The Auction of Contracts by Consumer Groups and the Effect on Market Power

Abstract

This article discusses the auctioning of financial contracts by aggregations of consumers who aim to reduce the spot price of a concentrated industry’s product; this is a frequent arrangement in electricity markets. The contracts' underlying asset is the product; the auctions' bidding variable is the strike price; and the bidders are the producers. Using a three-stage complete-information game, we show that when all consumers belong to some group, in the subgame perfect Nash equilibrium, each group fully hedges its consumption, and total output reaches its efficient level. Otherwise, each group over-hedges its consumption, and total production is below the efficiency level.

Appendices

Appendix 1

This appendix finds a Nash equilibrium for the spot market when \(\hat{x}({\mathbf{x}}) > a + \hat{n}({\mathbf{x}})\cdot c.\) For this purpose, we define the series \(\left\{ {t_{i} } \right\}_{i},\)  where \(t_{i} = i \cdot x_{i} + a - \sum\nolimits_{h = 1}^{i} {x_{h} } .\) This series is decreasing because \(t_{i + 1} = t_{i} + i \cdot (x_{i + 1} - x_{i} )\,\) and the x_i are decreasing. In the following, \(\tilde{n}({\mathbf{x}})\) denotes the highest index for which t_i is positive and x_i > c, and \(\tilde{x}({\mathbf{x}})\) denotes the sum \(\sum\nolimits_{i = 1}^{{\tilde{n}({\mathbf{x}})}} {x_{i} }\). The definitions of \(\hat{n}({\mathbf{x}})\) and \(\hat{x}({\mathbf{x}})\) in Sect. 3 imply that \(t_{{\hat{n}({\mathbf{x}})}} = \hat{n}({\mathbf{x}})\cdot x_{{\hat{n}({\mathbf{x}})}} + a - \hat{x}({\mathbf{x}})\). Thus, \(t_{{\hat{n}({\mathbf{x}})}}\) is positive if and only if \(\hat{x}({\mathbf{x}}) < a + \hat{n}({\mathbf{x}})\cdot x_{{\hat{n}({\mathbf{x}})}} .\)

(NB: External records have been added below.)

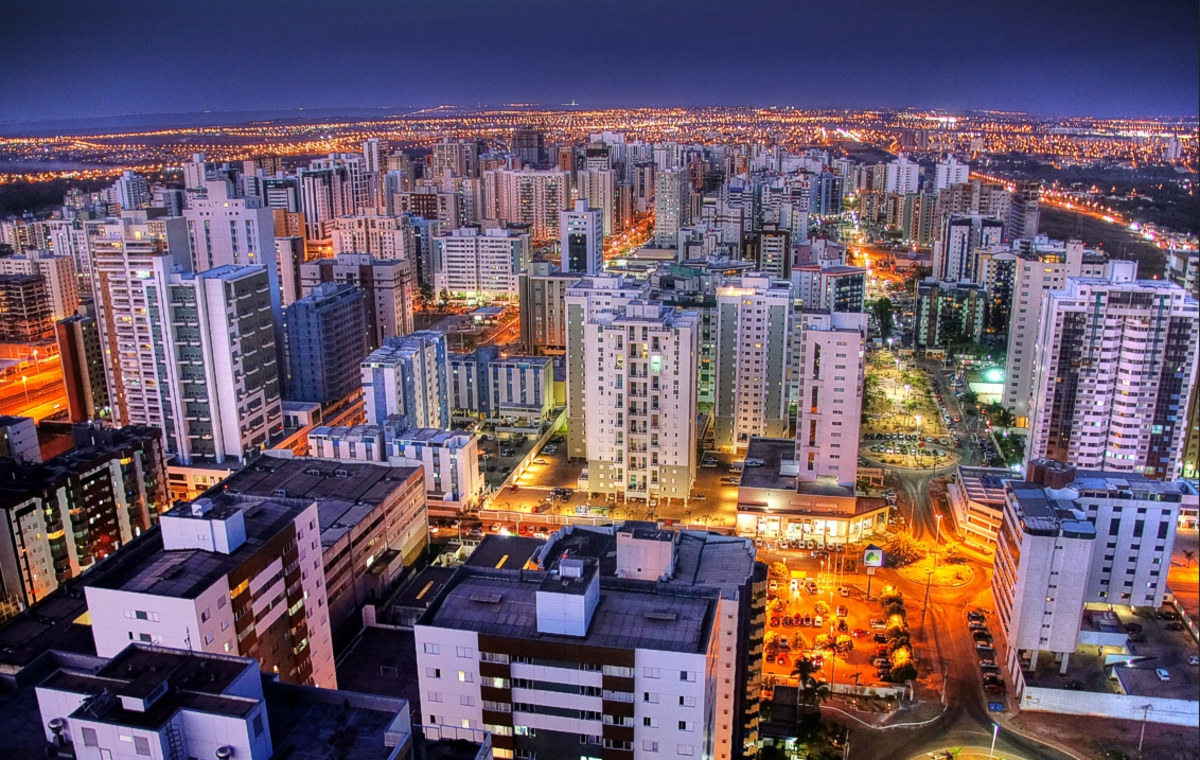 Foto aérea da cidade de Brasília, representando escritório de contabilidade em Brasília - Abertura Simples 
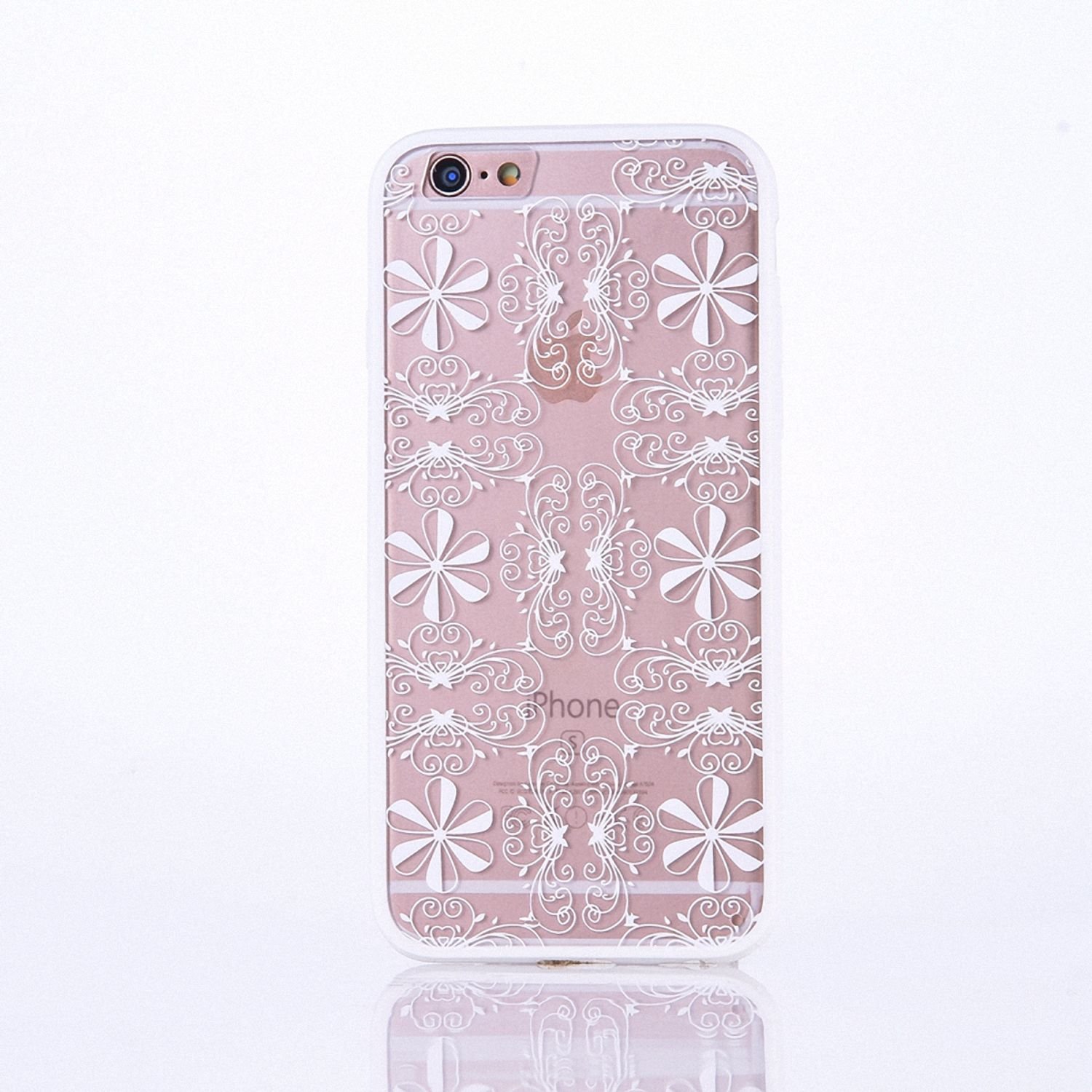 Etui na telefon komórkowy Mandala do Apple iPhone 6s Plus Etui ochronne z motywem ornamentów Etui na telefon Bumper Biały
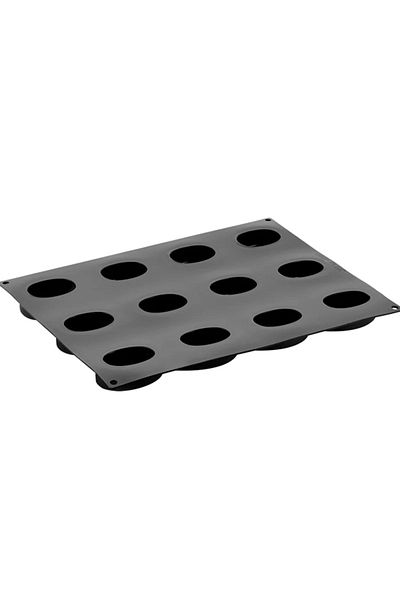 Pavoni Forma Din Silicon 3d Pentru Monoportii, Moka, 12 Cavitati, 400x300mm, 83x58x32mm, 100 ml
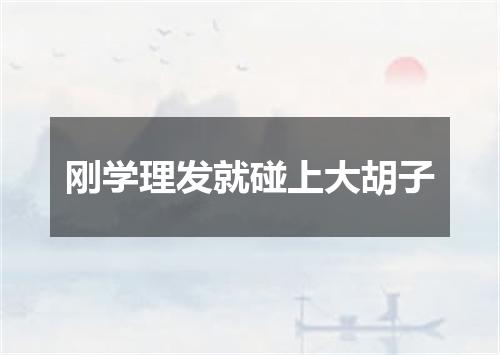刚学理发就碰上大胡子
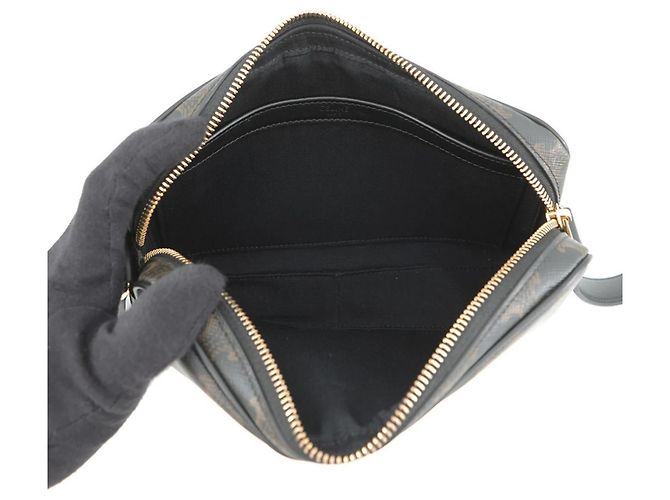 Céline Borsa a spalla orizzontale media Celine Triomphe Marrone Nero - vista 5
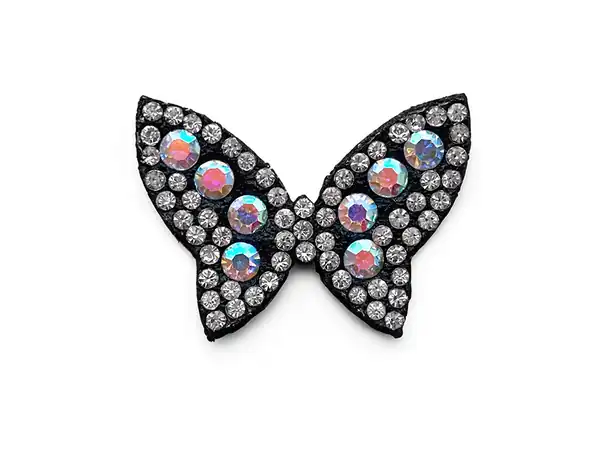 APLIQUES STRASS MARIPOSA 2,5CM X 3,5CM X 12UN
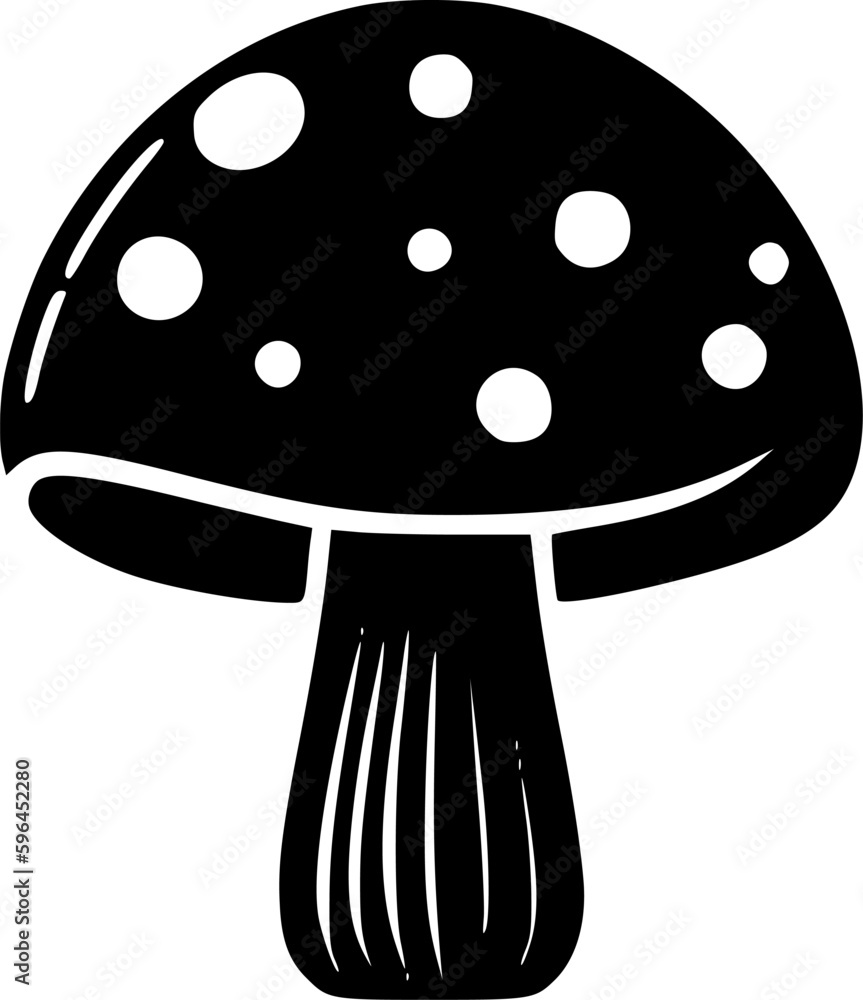 Mushroom | Minimalist and Simple Silhouette - Vector illustration Mushroom | Minimalist and Simple Silhouette - Vector illustration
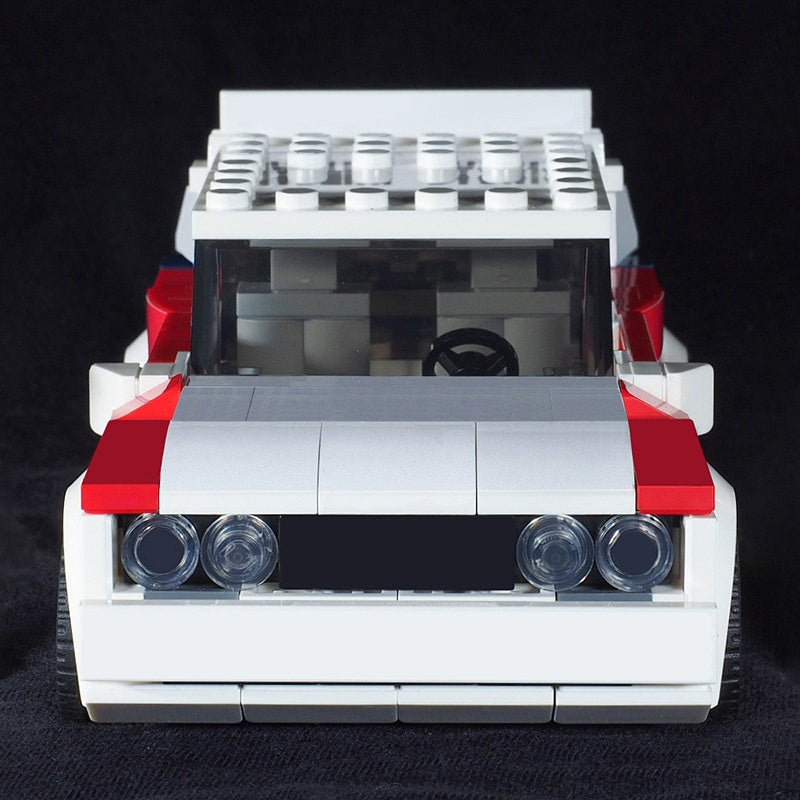 Classic Italian Rally Car Building Kit | 8-Stud Wide LEGO-Compatible MOC - 2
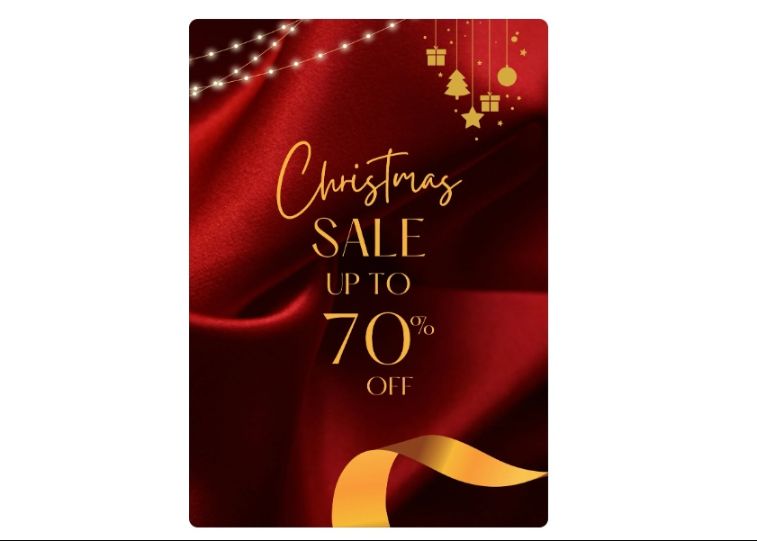 Minimal Christmas Sale Poster
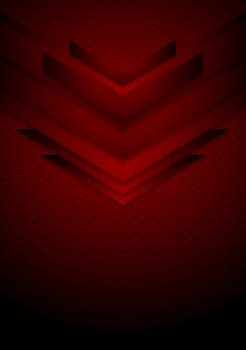 Abstract corporate background with arrows elements
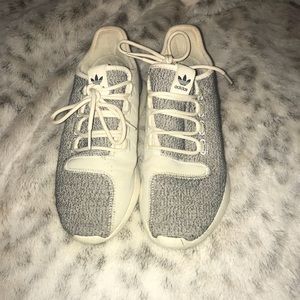 Off-white adidas original tubular shoes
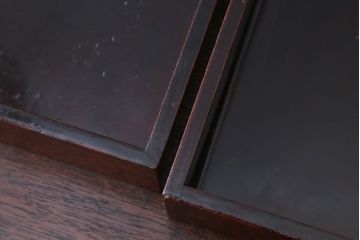 アンティーク雑貨　和製アンティーク　古い木の小物収納木箱(小箱・収納箱)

Next, we show that assuming that \(\hat{x}({\mathbf{x}}) > a + \hat{n}({\mathbf{x}})\cdot x_{{\hat{n}({\mathbf{x}})}}\) leads to a contradiction. By definition, \(s_{{\hat{n}({\mathbf{x}})}} = (\hat{n}({\mathbf{x}}) + 1) \cdot x_{{\hat{n}({\mathbf{x}})}} + \hat{n}({\mathbf{x}})(q* - \hat{x}({\mathbf{x}})\,).\) Thus, the condition \(\hat{x}({\mathbf{x}}) > a + \hat{n}({\mathbf{x}}) \cdot x_{{\hat{n}({\mathbf{x}})}}\) implies that \(s_{{\hat{n}({\mathbf{x}})}} < (\hat{n}({\mathbf{x}}) + 1) \cdot x_{{\hat{n}({\mathbf{x}})}} + \hat{n}({\mathbf{x}})\cdot(q* - a - \hat{n}({\mathbf{x}})\cdot \,x_{{\hat{n}({\mathbf{x}})}} ).\) Reordering the latter expression results in \(s_{{\hat{n}({\mathbf{x}})}} < - (\hat{n}({\mathbf{x}})^{2} - \hat{n}({\mathbf{x}}) - 1) \cdot x_{{\hat{n}({\mathbf{x}})}} - \hat{n}({\mathbf{x}})\cdot c\), which is negative. This latter result contradicts the definition of \(s_{{\hat{n}({\mathbf{x}})}}\): the last positive element in the series \(\left\{ {s_{i} } \right\}_{i}\). Consequently, we focus on the case \(a + \hat{n}({\mathbf{x}}) \cdot c < \hat{x}({\mathbf{x}}) < a + \hat{n}({\mathbf{x}}) \cdot x_{{\hat{n}({\mathbf{x}})}}\), which implies that \(t_{{\hat{n}({\mathbf{x}})}}\) is positive.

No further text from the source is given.